Prévoyez-vous de réduire vos effectifs ?

JP - Non. Il n'y aura pas de licenciements. Le carnet de commandes de Razel-Bec nous assure une bonne visibilité. Il s'établit à 1,1 milliard d'euros, soit 16 mois d'activité. Le rapprochement va permettre des redéploiements et offrir des opportunités nouvelles d'évolutions de carrières à nos salariés. Nous voulons capitaliser sur la notoriété de Razel et de Bec, notamment pour attirer les jeunes. Pour cela, il faut avoir une taille suffisante à l'export et être puissant en France.

 

Ce rapprochement modifie-t-il vos implantations locales ?

JP - Notre stratégie d'implantation locale reste inchangée. Nous ferons quelques ajustements à la marge pour que toutes nos agences régionales atteignent une taille critique. Les travaux de proximité représentent près de 50% de nos activités TP. Le chef d'agence reste un chef d'entreprise axé sur la stratégie commerciale locale. Il disposera d'un appui plus structuré pour les grosses opérations qu'il détectera. Nos équipes locales sont intégrées et polyvalentes, capables de réaliser des ouvrages de génie civil, de terrassement ou de VRD. Seuls les travaux souterrains relèvent d'une compétence nationale et ne seront pas réalisés par les agences.

 

Quel sera l'impact de cette fusion sur les autres entités du groupe, notamment Cari ?

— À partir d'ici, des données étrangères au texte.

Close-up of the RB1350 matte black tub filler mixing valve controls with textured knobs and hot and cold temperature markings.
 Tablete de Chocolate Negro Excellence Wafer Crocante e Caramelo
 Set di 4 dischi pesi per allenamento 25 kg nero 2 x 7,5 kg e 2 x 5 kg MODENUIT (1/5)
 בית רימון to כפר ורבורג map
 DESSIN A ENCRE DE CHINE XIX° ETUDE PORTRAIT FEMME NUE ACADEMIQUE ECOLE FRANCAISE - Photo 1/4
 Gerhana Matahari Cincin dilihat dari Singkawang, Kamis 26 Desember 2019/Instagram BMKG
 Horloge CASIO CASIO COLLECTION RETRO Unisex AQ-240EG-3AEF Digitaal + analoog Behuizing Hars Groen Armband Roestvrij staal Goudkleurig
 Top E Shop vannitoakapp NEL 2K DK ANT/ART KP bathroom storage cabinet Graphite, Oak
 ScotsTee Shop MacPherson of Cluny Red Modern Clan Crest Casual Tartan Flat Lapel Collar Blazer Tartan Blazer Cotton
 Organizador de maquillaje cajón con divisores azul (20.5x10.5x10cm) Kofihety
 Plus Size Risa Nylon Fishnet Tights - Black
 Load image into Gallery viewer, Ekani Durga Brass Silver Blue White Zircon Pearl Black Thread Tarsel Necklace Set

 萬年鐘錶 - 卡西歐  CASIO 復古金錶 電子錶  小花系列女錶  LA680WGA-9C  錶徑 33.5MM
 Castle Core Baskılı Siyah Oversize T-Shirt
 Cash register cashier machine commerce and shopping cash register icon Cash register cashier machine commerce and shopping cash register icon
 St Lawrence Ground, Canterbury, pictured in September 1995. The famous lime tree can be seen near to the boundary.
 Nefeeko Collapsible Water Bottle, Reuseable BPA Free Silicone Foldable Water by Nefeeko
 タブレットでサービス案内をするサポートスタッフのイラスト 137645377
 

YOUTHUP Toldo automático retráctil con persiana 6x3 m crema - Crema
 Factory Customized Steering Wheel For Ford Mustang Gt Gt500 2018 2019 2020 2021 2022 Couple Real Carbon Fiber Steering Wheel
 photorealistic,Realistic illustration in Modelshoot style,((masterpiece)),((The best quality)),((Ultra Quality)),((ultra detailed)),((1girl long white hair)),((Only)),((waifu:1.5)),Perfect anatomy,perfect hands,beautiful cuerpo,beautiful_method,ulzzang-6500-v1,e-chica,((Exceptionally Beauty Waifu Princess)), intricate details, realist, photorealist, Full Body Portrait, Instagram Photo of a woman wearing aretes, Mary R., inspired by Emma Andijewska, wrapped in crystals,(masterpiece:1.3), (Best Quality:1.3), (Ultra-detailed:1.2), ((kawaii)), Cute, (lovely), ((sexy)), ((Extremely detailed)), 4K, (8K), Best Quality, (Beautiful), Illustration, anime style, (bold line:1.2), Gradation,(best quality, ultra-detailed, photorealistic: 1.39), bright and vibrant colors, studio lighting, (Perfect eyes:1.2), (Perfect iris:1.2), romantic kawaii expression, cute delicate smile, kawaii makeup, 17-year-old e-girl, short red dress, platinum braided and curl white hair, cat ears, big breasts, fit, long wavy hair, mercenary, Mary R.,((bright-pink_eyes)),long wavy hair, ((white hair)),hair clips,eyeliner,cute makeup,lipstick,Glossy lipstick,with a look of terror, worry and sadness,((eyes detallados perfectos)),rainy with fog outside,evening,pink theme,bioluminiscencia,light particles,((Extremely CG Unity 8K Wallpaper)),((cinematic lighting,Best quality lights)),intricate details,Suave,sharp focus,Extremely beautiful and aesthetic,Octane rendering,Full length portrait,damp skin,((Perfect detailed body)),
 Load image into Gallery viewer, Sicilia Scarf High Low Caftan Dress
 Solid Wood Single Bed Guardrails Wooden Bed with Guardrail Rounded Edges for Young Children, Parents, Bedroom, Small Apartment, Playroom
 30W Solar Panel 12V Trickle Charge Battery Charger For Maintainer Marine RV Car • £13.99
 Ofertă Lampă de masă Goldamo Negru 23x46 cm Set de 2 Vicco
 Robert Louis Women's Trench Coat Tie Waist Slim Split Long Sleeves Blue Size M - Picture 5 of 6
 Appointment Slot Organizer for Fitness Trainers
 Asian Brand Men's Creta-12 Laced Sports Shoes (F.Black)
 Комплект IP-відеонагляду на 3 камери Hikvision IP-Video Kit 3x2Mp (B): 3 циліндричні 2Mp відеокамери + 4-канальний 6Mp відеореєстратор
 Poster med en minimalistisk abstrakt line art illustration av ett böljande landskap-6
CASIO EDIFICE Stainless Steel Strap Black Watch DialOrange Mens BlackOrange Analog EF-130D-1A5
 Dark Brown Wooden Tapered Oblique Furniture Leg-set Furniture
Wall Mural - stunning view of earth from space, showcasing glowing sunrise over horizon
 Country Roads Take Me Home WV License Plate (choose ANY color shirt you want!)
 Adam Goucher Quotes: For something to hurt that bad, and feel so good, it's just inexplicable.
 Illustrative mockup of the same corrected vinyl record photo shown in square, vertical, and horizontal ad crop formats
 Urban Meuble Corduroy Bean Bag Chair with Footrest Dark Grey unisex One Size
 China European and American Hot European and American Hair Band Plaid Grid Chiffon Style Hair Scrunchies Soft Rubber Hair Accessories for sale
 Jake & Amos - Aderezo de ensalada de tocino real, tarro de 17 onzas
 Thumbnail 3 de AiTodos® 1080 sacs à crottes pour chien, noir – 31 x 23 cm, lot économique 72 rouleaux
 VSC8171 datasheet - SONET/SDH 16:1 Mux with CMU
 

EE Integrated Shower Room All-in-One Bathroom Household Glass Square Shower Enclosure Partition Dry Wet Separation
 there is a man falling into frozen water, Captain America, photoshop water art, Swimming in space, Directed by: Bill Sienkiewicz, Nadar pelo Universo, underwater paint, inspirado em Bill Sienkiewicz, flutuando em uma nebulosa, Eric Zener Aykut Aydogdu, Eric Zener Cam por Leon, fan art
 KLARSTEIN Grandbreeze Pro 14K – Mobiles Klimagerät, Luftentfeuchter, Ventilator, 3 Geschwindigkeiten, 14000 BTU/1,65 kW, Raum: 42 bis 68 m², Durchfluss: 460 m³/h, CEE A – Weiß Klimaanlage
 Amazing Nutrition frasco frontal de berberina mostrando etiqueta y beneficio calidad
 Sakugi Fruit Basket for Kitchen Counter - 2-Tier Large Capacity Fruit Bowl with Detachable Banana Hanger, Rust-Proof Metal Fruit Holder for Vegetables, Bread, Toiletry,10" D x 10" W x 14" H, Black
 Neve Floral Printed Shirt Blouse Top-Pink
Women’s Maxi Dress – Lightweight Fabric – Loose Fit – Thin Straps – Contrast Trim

LF - Cari a vocation à être une entreprise nationale de bâtiment, avec des implantations locales car le bâtiment est un métier de proximité. Au-delà, ce rapprochement va nous permettre de développer une offre commerciale globale avec les autres métiers du groupe (fondations spéciales, construction métallique et électricité notamment).

L'ensemble «Razel-Bec» doit-il renforcer ses activités industrielles, exploitation de carrières notamment ?

LF – D'abord, la fusion va mettre toutes les ressources en matériaux (carrières) dans une même main. Pour la suite, nous restons à l'affut mais les opportunités de rachat sont rares. Nous avons fait de l'intégration verticale là où cela était possible, à Bordeaux, Toulouse et Montpellier. Mais c'est un investissement lourd et à long terme.

 

Les travaux ferroviaires manquent-ils à la palette de vos activités ?

LF – Nous n'avons pas besoin d'être poseur de voies pour participer à de grands projets comme la LGV Sud-Europe-Atlantique puisque nous travaillons avec d'autres qui ont cette compétence. Côté projets de transport en commun, l'activité restera très porteuse pour nous encore en 2012 notamment dans les villes plus modestes avec des matériels plus souples et moins onéreux.

 

Etes-vous présent sur les marchés du nucléaire ?

JP – Nous travaillons sur le chantier du futur réacteur nucléaire Jules Horowitz à Cadarache. Nous y expérimentons les premiers bétons lourds autoplaçants avec le CEA. Nous gérons aussi le projet clé en mains Iceda (Installation de conditionnement et d'entreposage de déchets activés) pour EDF au Bugey. Et misons beaucoup sur les marchés de renforcement du parc existant ou de démantèlement, notamment via notre agence spécialisée, basée à Marcoule.

 

Quelles sont vos ambitions à l'international ?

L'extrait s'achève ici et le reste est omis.